TASK INPUT Start Marker
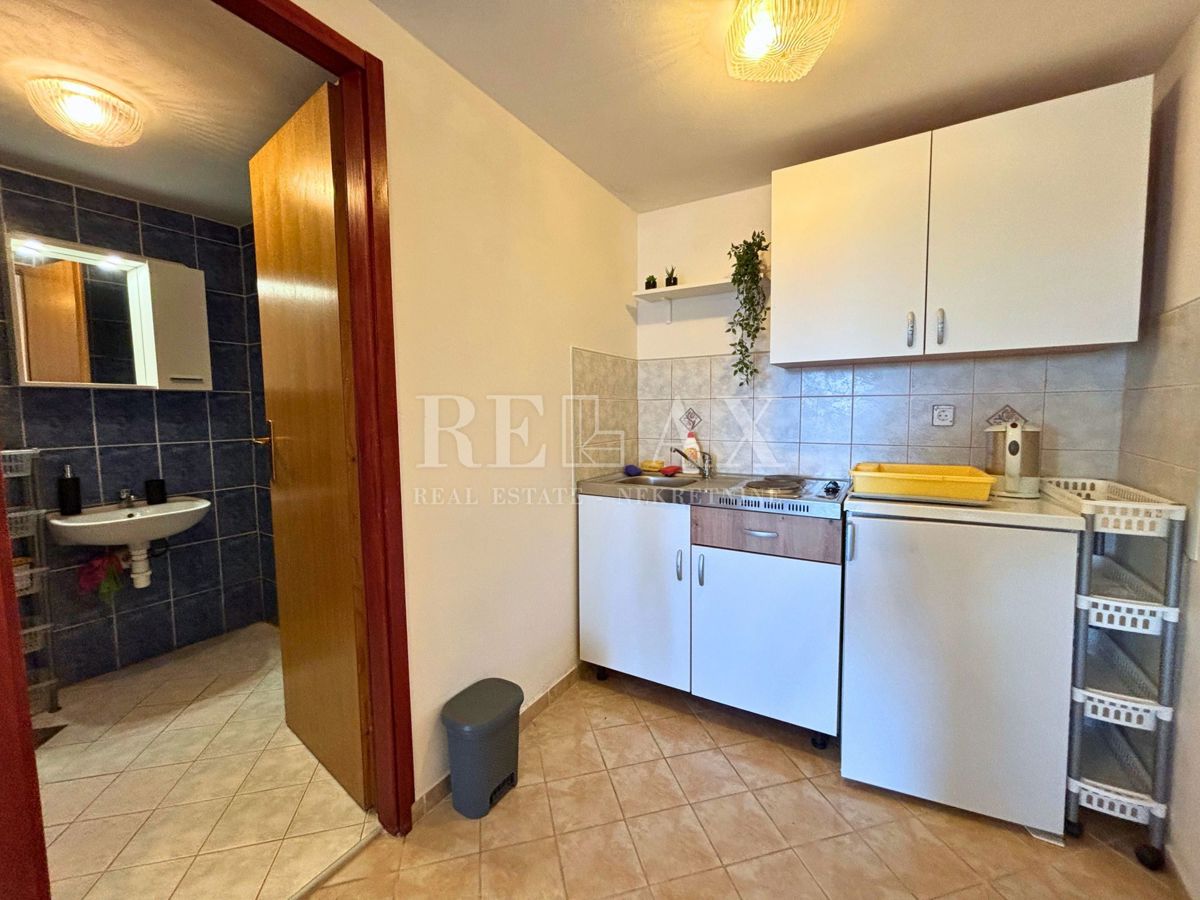 Jadranovo - samostojna hiša s 3 apartmaji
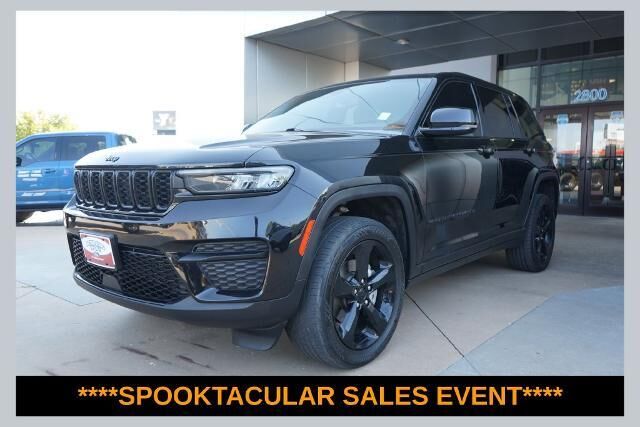 2022 Jeep Grand Cherokee Laredo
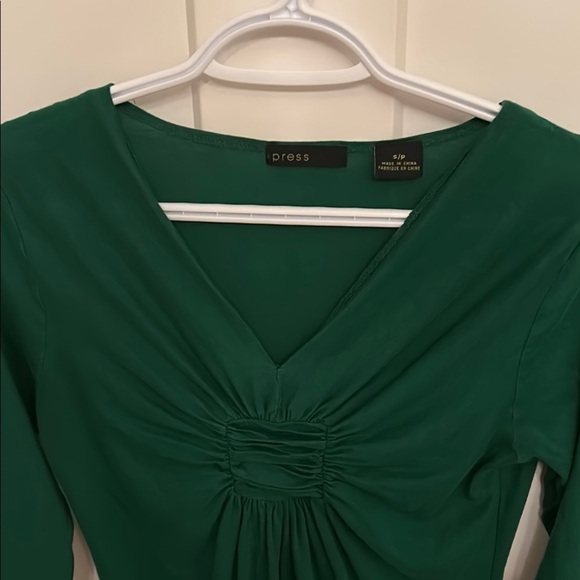 Green Press Ruched Fitted Long Sleeve Too, size S - Picture 2 of 4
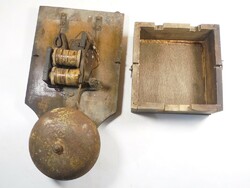Antik régi elektromos csengő fa dobozban, falra akasztható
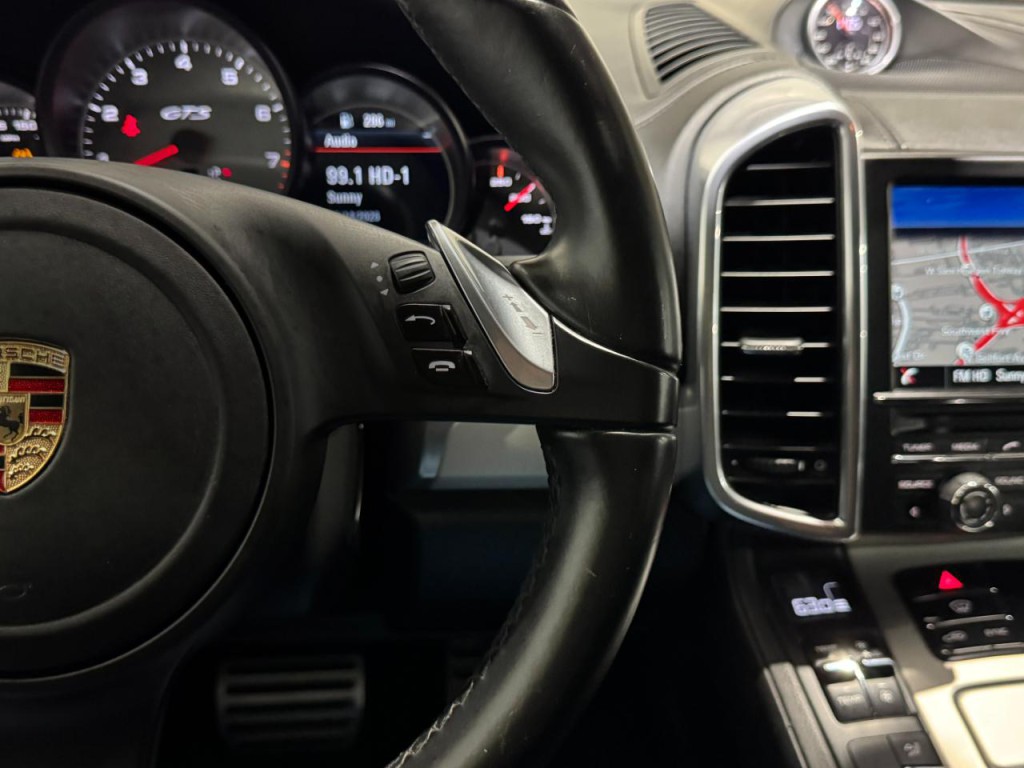 2014 Porsche Cayenne Image 22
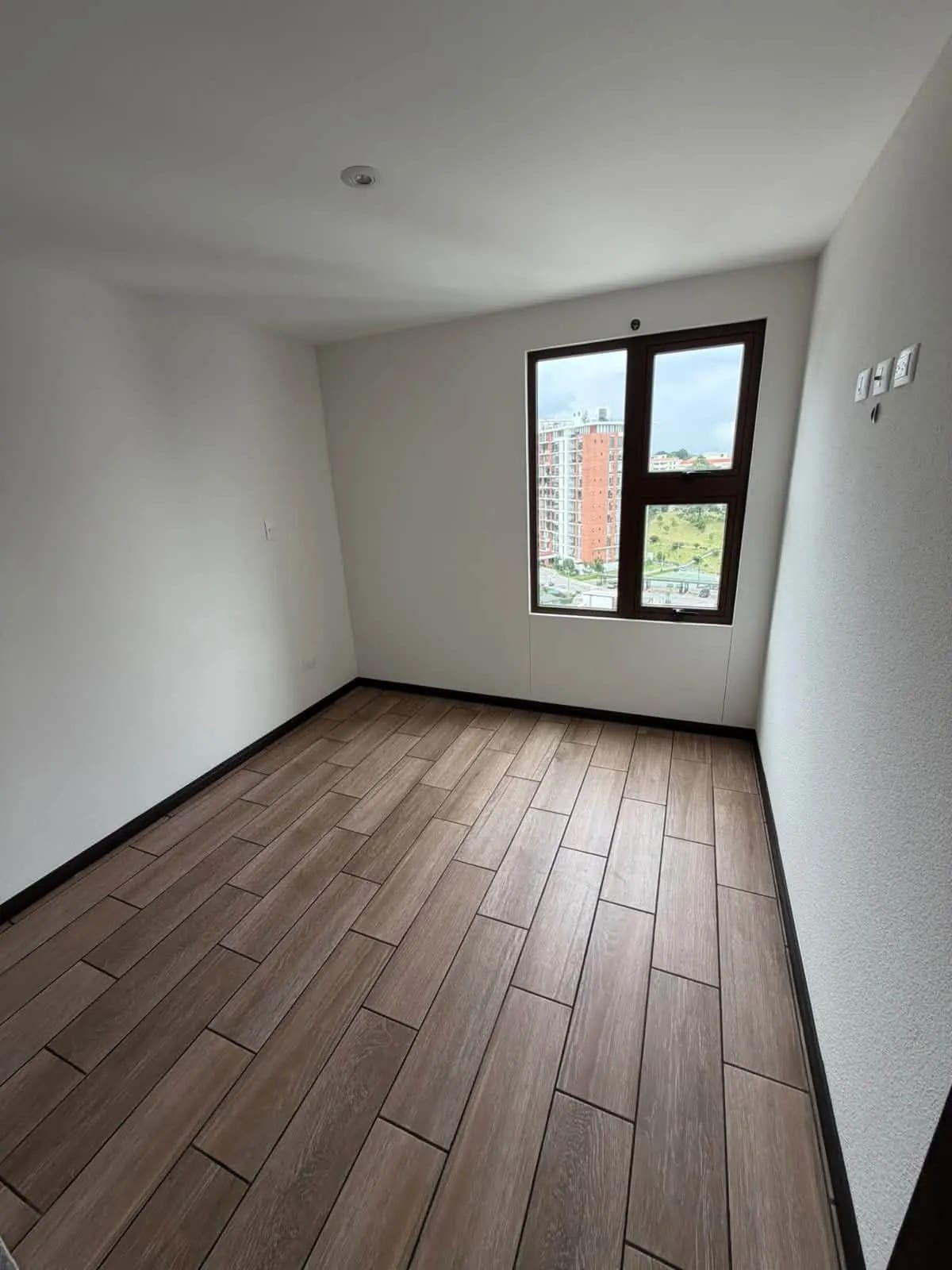 Apartamento en Renta en Zona 16, San Isidro 20/21 — Apartamento en Alquiler en San Isidro 20/21, Zona 16, Guatemala, Ciudad — foto 7 de 15
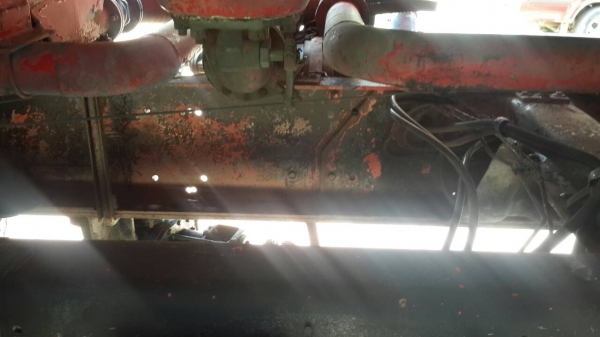 รถอีซูซุ 10 ล้อ บรรทุกน้ำมัน  240 แรงม้า. ปี 37.    สนใจติดต่อ  081 - 6079515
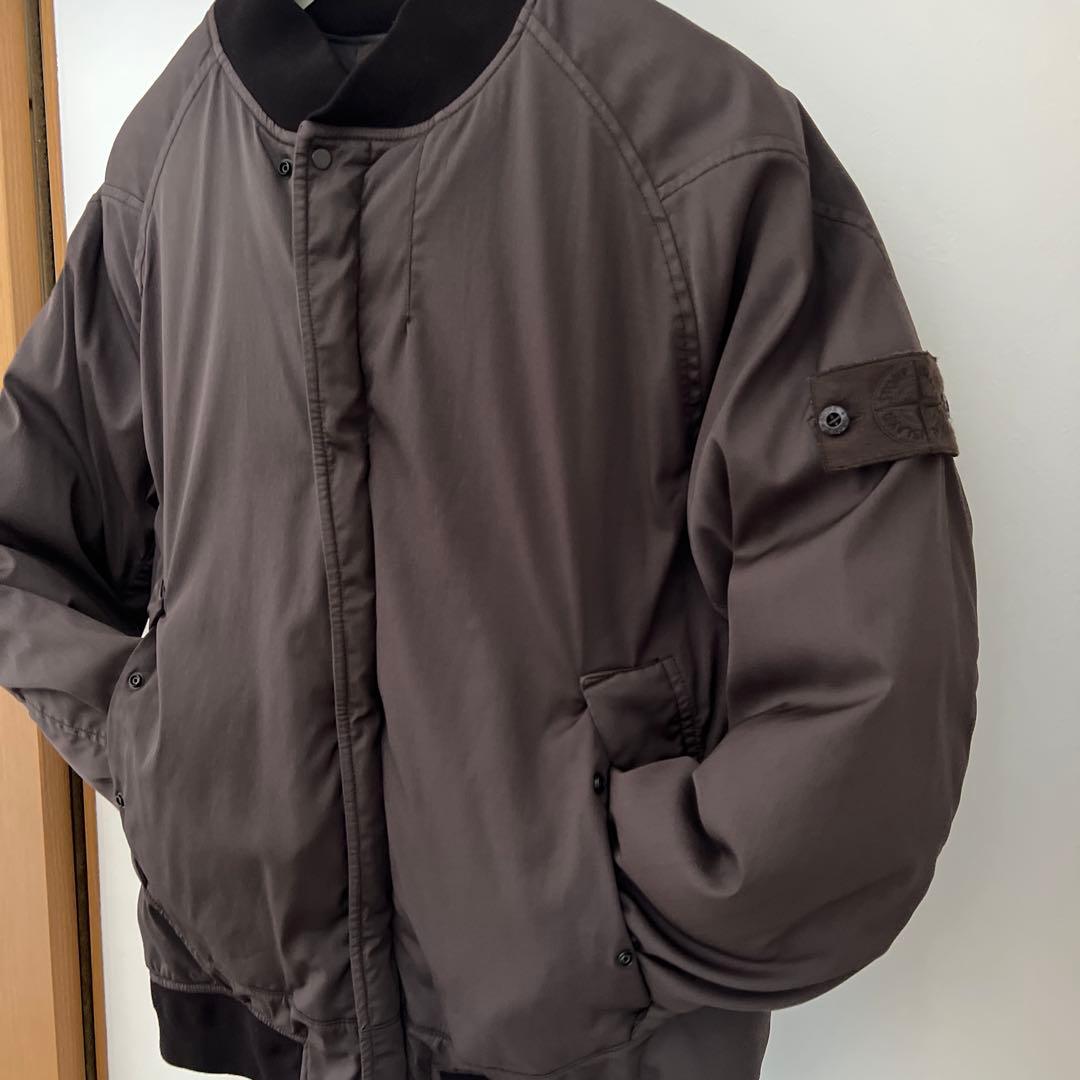 ストーンアイランド　ゴースト　ボンバージャケット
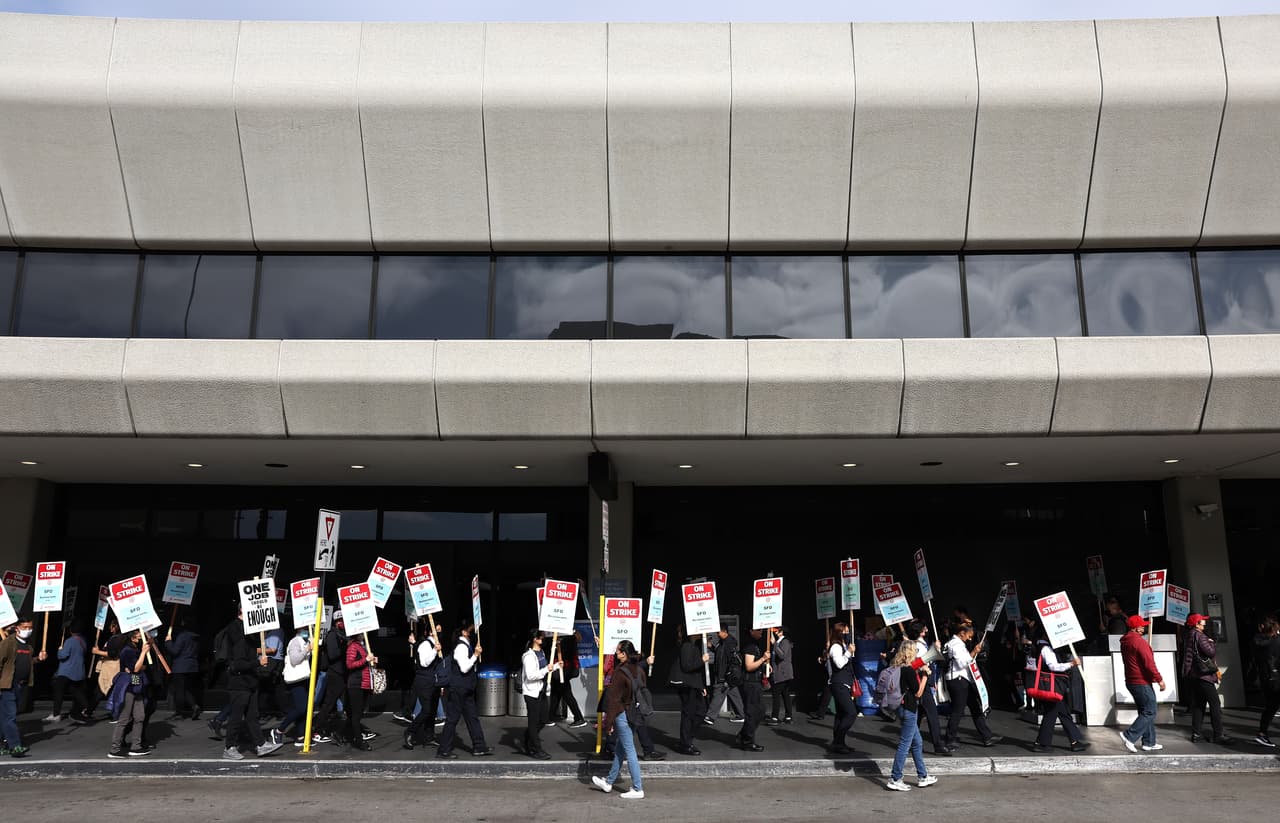 Los restaurantes han colocado letreros que no ha servicio debido a la huelga.
<br>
TASK INPUT End Marker
Exactly as written, repeat the lines from the beginning of the entries up to and including the line with "2014 Porsche Cayenne Image 22", but not the pictures.

 Jadranovo - samostojna hiša s 3 apartmaji
 2022 Jeep Grand Cherokee Laredo
 Green Press Ruched Fitted Long Sleeve Too, size S - Picture 2 of 4
Antik régi elektromos csengő fa dobozban, falra akasztható
 2014 Porsche Cayenne Image 22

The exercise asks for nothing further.